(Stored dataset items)
# # #

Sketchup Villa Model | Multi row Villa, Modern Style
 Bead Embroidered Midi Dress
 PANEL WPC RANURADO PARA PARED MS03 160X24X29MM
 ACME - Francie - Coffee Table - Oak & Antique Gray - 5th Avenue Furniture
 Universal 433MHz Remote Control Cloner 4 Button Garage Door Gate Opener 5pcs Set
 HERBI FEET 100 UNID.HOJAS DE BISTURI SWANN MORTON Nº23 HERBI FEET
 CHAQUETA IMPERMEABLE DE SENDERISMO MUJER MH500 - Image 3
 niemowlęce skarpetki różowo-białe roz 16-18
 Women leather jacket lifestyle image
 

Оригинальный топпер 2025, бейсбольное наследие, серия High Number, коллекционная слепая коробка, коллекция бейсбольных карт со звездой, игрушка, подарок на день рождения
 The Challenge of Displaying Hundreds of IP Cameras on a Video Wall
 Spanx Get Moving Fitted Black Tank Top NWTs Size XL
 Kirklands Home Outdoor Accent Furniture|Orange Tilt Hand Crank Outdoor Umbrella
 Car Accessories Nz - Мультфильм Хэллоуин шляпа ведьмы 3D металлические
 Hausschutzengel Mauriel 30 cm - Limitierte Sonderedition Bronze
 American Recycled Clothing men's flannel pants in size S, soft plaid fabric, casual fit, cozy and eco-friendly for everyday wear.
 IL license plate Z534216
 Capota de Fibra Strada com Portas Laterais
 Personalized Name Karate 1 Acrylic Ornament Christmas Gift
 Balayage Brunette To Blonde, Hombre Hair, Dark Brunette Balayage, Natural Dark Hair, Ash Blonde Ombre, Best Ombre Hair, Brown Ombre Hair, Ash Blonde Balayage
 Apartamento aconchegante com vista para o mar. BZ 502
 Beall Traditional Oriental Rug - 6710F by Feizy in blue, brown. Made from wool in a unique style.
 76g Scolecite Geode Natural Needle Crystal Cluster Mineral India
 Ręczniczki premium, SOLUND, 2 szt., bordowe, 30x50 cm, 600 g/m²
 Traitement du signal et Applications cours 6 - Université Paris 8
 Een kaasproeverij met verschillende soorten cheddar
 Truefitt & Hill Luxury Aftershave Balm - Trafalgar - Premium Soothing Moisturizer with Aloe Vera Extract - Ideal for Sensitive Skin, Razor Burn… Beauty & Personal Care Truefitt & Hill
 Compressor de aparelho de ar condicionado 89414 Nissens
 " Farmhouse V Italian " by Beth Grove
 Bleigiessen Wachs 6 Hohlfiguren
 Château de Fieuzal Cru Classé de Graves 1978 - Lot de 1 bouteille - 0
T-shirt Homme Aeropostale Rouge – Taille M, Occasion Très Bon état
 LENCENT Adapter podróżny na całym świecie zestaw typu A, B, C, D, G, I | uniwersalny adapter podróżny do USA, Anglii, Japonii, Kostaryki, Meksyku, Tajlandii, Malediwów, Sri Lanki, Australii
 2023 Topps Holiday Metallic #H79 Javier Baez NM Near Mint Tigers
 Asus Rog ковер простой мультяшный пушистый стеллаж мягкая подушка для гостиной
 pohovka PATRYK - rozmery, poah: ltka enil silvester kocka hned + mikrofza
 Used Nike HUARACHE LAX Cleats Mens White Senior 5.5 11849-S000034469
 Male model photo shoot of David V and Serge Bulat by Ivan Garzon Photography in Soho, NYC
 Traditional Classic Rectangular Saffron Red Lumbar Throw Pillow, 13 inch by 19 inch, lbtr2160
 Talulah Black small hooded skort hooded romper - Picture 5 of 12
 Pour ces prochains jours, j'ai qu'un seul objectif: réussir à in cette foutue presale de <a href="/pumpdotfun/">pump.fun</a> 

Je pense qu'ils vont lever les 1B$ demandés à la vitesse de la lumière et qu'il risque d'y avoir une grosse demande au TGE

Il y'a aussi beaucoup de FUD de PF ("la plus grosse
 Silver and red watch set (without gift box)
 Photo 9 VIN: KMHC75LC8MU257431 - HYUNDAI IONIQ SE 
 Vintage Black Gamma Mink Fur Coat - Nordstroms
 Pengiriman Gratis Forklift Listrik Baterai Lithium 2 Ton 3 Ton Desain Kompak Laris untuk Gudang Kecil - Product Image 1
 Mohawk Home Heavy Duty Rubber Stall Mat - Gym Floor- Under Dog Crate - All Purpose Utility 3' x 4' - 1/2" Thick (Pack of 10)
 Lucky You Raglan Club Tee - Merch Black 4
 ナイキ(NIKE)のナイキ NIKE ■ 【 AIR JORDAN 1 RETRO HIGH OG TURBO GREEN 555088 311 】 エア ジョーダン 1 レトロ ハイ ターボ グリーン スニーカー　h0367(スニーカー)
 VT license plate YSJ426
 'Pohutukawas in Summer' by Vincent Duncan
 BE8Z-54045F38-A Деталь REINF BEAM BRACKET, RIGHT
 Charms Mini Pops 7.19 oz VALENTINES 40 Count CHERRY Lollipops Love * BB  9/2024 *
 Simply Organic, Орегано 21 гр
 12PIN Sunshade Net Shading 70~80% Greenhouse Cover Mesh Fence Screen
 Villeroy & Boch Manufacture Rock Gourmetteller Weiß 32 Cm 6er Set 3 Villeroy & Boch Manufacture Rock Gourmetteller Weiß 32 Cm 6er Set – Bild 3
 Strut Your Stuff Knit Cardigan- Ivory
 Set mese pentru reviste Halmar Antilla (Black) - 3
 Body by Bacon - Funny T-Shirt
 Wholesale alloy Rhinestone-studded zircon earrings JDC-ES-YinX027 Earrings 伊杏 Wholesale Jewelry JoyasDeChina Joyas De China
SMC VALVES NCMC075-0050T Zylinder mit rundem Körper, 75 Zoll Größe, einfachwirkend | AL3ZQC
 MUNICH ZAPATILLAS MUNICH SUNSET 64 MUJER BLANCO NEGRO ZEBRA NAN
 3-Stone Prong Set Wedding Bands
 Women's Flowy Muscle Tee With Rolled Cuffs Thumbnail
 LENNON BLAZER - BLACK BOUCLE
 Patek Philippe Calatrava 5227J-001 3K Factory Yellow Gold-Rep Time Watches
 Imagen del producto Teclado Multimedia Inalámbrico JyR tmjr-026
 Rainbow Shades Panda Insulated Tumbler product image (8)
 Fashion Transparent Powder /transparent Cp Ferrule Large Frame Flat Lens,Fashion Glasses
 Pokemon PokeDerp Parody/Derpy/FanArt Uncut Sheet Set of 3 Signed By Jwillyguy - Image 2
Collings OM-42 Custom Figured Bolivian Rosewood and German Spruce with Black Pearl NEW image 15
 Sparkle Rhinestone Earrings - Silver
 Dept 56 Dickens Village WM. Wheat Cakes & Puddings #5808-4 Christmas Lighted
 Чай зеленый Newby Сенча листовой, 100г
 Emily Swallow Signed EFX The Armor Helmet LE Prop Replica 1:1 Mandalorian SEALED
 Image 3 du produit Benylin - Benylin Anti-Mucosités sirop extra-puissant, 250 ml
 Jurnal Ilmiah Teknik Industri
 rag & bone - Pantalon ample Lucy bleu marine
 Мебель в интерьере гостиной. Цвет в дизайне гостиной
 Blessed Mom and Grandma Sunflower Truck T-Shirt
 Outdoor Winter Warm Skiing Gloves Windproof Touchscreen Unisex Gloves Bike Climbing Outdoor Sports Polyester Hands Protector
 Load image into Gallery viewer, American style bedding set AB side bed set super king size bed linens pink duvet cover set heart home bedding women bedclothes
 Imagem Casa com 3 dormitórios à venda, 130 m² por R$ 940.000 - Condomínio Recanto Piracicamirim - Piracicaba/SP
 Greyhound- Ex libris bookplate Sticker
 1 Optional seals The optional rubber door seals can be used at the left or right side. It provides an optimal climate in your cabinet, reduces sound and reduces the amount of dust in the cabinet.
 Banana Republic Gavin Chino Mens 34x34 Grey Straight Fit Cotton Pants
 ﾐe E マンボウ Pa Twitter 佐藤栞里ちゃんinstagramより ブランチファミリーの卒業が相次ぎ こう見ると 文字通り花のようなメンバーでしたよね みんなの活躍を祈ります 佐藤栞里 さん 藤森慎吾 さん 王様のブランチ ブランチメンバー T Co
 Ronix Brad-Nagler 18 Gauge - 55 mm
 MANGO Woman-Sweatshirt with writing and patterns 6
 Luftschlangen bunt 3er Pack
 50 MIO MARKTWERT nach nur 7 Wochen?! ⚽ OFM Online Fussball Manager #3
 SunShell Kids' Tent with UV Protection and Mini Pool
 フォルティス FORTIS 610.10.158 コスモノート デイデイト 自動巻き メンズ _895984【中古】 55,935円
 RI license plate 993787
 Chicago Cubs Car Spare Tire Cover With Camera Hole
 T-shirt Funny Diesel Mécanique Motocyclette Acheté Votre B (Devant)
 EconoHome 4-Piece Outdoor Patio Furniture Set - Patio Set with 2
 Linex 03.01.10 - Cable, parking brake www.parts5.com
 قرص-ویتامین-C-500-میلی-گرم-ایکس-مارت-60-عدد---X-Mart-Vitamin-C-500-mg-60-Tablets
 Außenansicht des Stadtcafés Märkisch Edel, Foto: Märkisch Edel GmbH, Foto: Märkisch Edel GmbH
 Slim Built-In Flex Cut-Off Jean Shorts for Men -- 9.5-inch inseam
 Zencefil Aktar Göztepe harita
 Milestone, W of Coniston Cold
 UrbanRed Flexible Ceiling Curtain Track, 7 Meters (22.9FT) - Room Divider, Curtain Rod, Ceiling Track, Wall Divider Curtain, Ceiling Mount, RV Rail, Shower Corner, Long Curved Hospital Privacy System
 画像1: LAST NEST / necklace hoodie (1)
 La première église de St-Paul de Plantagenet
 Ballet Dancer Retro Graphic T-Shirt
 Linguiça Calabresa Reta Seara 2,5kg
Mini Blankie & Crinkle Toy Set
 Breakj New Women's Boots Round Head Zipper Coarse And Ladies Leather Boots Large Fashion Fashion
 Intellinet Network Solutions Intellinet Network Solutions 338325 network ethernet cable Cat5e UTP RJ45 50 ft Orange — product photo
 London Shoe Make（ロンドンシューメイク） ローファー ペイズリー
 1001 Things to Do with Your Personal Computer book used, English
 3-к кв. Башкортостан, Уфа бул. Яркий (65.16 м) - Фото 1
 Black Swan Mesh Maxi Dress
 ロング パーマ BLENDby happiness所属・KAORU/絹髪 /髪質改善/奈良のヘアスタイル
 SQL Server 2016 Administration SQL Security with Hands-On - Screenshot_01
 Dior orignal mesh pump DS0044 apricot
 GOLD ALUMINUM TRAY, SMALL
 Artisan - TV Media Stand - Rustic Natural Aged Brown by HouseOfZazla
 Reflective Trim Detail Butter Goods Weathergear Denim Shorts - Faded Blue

# # #

Task requirements
From the records above, copy out the line with "by Beth Grove", the line with "BE8Z-54045F38-A Деталь REINF", and every line between them, word for word.

Solution for this task
 " Farmhouse V Italian " by Beth Grove
 Bleigiessen Wachs 6 Hohlfiguren
 Château de Fieuzal Cru Classé de Graves 1978 - Lot de 1 bouteille - 0
T-shirt Homme Aeropostale Rouge – Taille M, Occasion Très Bon état
 LENCENT Adapter podróżny na całym świecie zestaw typu A, B, C, D, G, I | uniwersalny adapter podróżny do USA, Anglii, Japonii, Kostaryki, Meksyku, Tajlandii, Malediwów, Sri Lanki, Australii
 2023 Topps Holiday Metallic #H79 Javier Baez NM Near Mint Tigers
 Asus Rog ковер простой мультяшный пушистый стеллаж мягкая подушка для гостиной
 pohovka PATRYK - rozmery, poah: ltka enil silvester kocka hned + mikrofza
 Used Nike HUARACHE LAX Cleats Mens White Senior 5.5 11849-S000034469
 Male model photo shoot of David V and Serge Bulat by Ivan Garzon Photography in Soho, NYC
 Traditional Classic Rectangular Saffron Red Lumbar Throw Pillow, 13 inch by 19 inch, lbtr2160
 Talulah Black small hooded skort hooded romper - Picture 5 of 12
 Pour ces prochains jours, j'ai qu'un seul objectif: réussir à in cette foutue presale de <a href="/pumpdotfun/">pump.fun</a> 

Je pense qu'ils vont lever les 1B$ demandés à la vitesse de la lumière et qu'il risque d'y avoir une grosse demande au TGE

Il y'a aussi beaucoup de FUD de PF ("la plus grosse
 Silver and red watch set (without gift box)
 Photo 9 VIN: KMHC75LC8MU257431 - HYUNDAI IONIQ SE 
 Vintage Black Gamma Mink Fur Coat - Nordstroms
 Pengiriman Gratis Forklift Listrik Baterai Lithium 2 Ton 3 Ton Desain Kompak Laris untuk Gudang Kecil - Product Image 1
 Mohawk Home Heavy Duty Rubber Stall Mat - Gym Floor- Under Dog Crate - All Purpose Utility 3' x 4' - 1/2" Thick (Pack of 10)
 Lucky You Raglan Club Tee - Merch Black 4
 ナイキ(NIKE)のナイキ NIKE ■ 【 AIR JORDAN 1 RETRO HIGH OG TURBO GREEN 555088 311 】 エア ジョーダン 1 レトロ ハイ ターボ グリーン スニーカー　h0367(スニーカー)
 VT license plate YSJ426
 'Pohutukawas in Summer' by Vincent Duncan
 BE8Z-54045F38-A Деталь REINF BEAM BRACKET, RIGHT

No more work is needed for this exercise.